Kingston Mill, the Revolution and History

Kingston Mill, shown here during the East Coast snowstorm on December 14, is an historic spot.  

The bridge was a replacement built in 1798 for the wooden bridge destroyed by Washington after the Battle of Princeton.  About 100 yards away is a marker referring to the "horseback conference" in which Washington decided to take his force to Jockey Hollow for the winter rather than attack the British at New Brunswick.  After the Revolution, during the early part of the nineteenth century, the Delaware and Raritan Canal was built; there is a lock at Kingston past the left edge of the photograph.  Past the right edge of the photograph, the road was part of the Lincoln Highway designation in the early twentieth century.  The mill itself, testament to the Industrial Revolution, was built in the late nineteenth century.  This place is filled with history across the formation and growth of the country.

Monday, December 2, 2013

The Obscure Confluence of Place

One of the most intriguing places I have found in my exploration of place, history and the Revolution is Proprietors' Park in Gloucester City, NJ.  It was once known as Gloucester Point Park.  A lot of activity seemed to occur in what is now a relatively obscure spot, though one with outstanding views of the Delaware River, the Walt Whitman Bridge and Philadelphia's distant skyline.

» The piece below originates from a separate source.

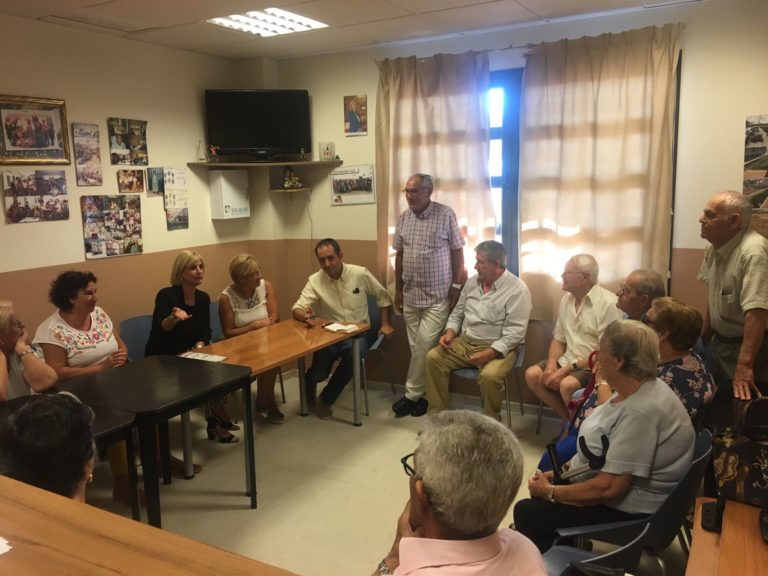 El PP se reúne con los Mayores de la Bda. San José Obrero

We are looking at a marker that identifies the spot on which stood Huggs Tavern, where Betsy Ross was married.  We are looking at the Delaware River; David C. Munn, in Battles and Skirmishes in New Jersey of the American Revolution, notes several events in this area.  On December 31, 1777, Americans stripped and burned two British ships between here and Philaelphia, just to the north.  Also in this park is a plaque identifying the courthouse's site, and another spot where the proprietors met, and apparently still meet, once a year.  Munn notes that on November 25, 1777, a reconnaissance force under Lafayette exchanged fire with a small British force in Gloucester; some sources refer to this as the Battle of Gloucester. On November 27, having cleared this area of American forces, Cornwallis returned to Philadelphia.

Standing here, we are reminded of the many small cities of New Jersey and paths that crossed--here Betsy Ross and Cornwallis, separated briefly by time.